Required work: Going from the top of the listing below to the line that holds "Hi everyone, I'm", reproduce each line exactly; no pictures.

Recorded information:
==================================================

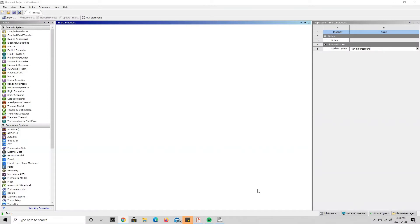Welcome back to another ANSYS tutorial. Today I will be showing you how to do the moving heat source simulation in ANSYS Workbench. This uses an ANSYS extension that can be found on the ANSYS store, which makes the setup of the simulation much easier and does not require any coding.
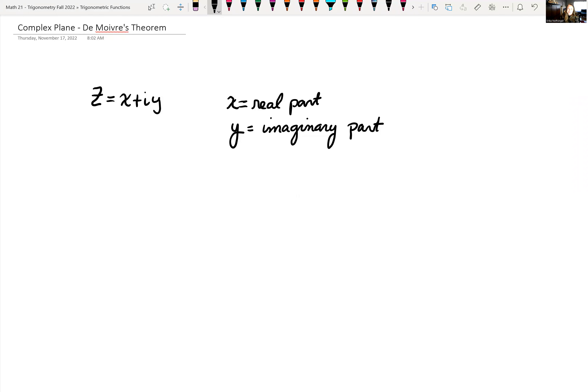Today we're going to look at complex numbers in rectangular form, which hopefully you've dealt with before, and also in polar form. Recall that z is equal to x plus iy — that is a complex number where x is the real part and y is the imaginary part.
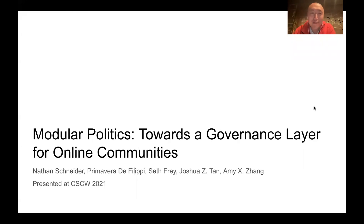Hi everyone, I'm Josh. Since I have relatively little time, I'll just jump straight into the talk.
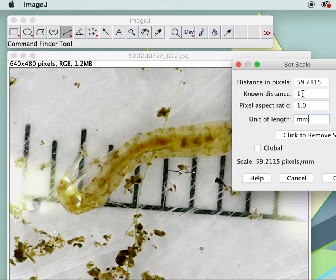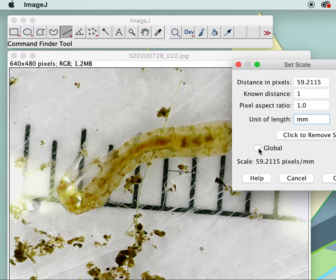You can click Global if you're going to use the same scale for each picture — if you took all the pictures with your microscope at the same distance from your organism. I took a bunch at that very same distance so I'm going to click Global and OK.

==================================================

Task result:
Welcome back to another ANSYS tutorial. Today I will be showing you how to do the moving heat source simulation in ANSYS Workbench. This uses an ANSYS extension that can be found on the ANSYS store, which makes the setup of the simulation much easier and does not require any coding.
Today we're going to look at complex numbers in rectangular form, which hopefully you've dealt with before, and also in polar form. Recall that z is equal to x plus iy — that is a complex number where x is the real part and y is the imaginary part.
Hi everyone, I'm Josh. Since I have relatively little time, I'll just jump straight into the talk.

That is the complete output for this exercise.